In the course of a useful rundown of the Obama campaign’s plans to tie Mitt Romney as closely as possible to Paul Ryan and his budget, replaying Bill Clinton’s 1996 general-election strategy, WaPo’s Greg Sargent makes a very interesting point:
[T]he GOP, and even presumptive nominee Mitt Romney, have ceded to Ryan a startling amount of influence over the party’s fiscal policies, worldview, ideology, priorities and direction — and the resultant vision could prove just as alienating to independents, moderates and women as Newt did.
If Gingrich himself was a useful foil in 1996, Ryan’s vision for the country’s future will play that role this time around. And yet, despite the economic radicalism of the Romney-Ryan vision, Republicans remain equally convinced Ryan is a plus for them. The fact that both sides are doubling down so hard on Ryan is yet another sign that this election represents perhaps the starkest clash of ideological visions we’ve seen in a presidential race in recent memory.
Yep. The tension between Gingrich and GOP presidential nominee Bob Dole in 1996 was palpable, and had been for a good while.

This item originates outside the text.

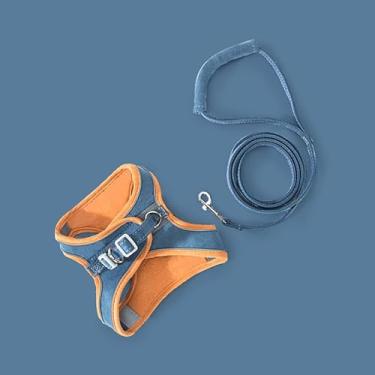 Imagem de Reflexivo Faixa Cat Harness Leash, Deerskin Fleece Pet Harness Com Gancho e Laço para o Cão do Gato, Trela Pet Respirável e Confortável (Laranja e azul, adequado para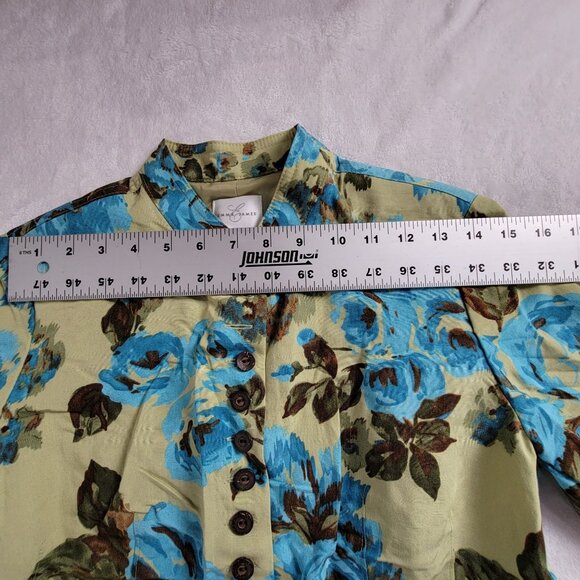 Emma James Womens Floral Print Button-Front Blazer Jacket Size 6 Tan Blue Career - Picture 7 of 10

Romney’s close embrace of Ryan is different, all right. It may ultimately be attributable to Mitt’s chronic need to validate himself with serious movement conservative types, or perhaps represents a desire to offload all those complex and controversial budget issues on someone else, leaving The Man Who Would Be POTUS free to play the visionary executive focused on the big picture.
Without question, though, Romney’s eagerness to be Ryan’s buddy makes the Obama campaign’s task easier. If the public relations battle over Ryan’s budget goes hard south for the GOP, which is at least an even bet, Mitt is making it a lot harder to walk away from it all as just another overreach by those crazy House Republicans.